The concept of “whole of route” has been addressed, based on a triple win approach: it is about recognizing the importance of the whole migration route so that all three parties benefit: countries of origin, destination countries and migrants themselves, stressing that “sustainable migration” offers policy makers the opportunity to better govern migration, so that it can be beneficial for both countries of origin and destination countries.
According to this approach, a number of sustainable development goals are to be linked together in a transversal manner, of which we can cite at least 5: the first related to the fight against poverty (particularly in countries of origin), the eighth on decent work (to safeguard the rights of migrant workers in destination countries), the tenth on inequality (between countries of origin and destination, and for regular and safe channels for migration), the eleventh on inclusive and sustainable cities (with reference to the integration of migrants in destination cities), and the sixteenth on just institutions (for the defense of the rights of migrants throughout their migration journey).
Risks and benefits regarding the current Africa-Europe migration system have been outlined. Among the former are the “brain drain” (migration of highly-skilled labor) and consequent brain waste (the low-skill jobs to which many immigrants with high levels of education and specialization are forced), irregular migration, and the emergence of erroneous perceptions about migrants, emphasized by the media and exploited for political purposes, which create tension, concern and fear.
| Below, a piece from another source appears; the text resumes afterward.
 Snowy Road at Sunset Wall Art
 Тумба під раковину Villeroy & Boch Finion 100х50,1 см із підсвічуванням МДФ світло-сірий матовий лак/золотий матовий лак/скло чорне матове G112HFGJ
On the other hand, among the benefits, it is stressed that circular migration allows Europe to benefit from skilled and unskilled workers, and Africa to take advantage of economic benefits from remittances, thus creating mutually beneficial migration.
Lastly, it stresses the close connection that should exist between protection of individual rights and sustainable development, which is possible only through the creation of a decent social and economic environment for migrants in countries of destination, in which settled communities and local populations can prosper, and with recognition and professionalization of the role of diasporas as agents of development in the country of origin, through the study of investment tools that enhance the financial impact of remittances.
The concept of sustainable migration seeks to take into account and balance the interests of the different actors involved, particularly migrants and destination communities, in order to make the impact sustainable, taking into account with the same level of importance all the factors that characterize the current and future development of the countries of departure and arrival.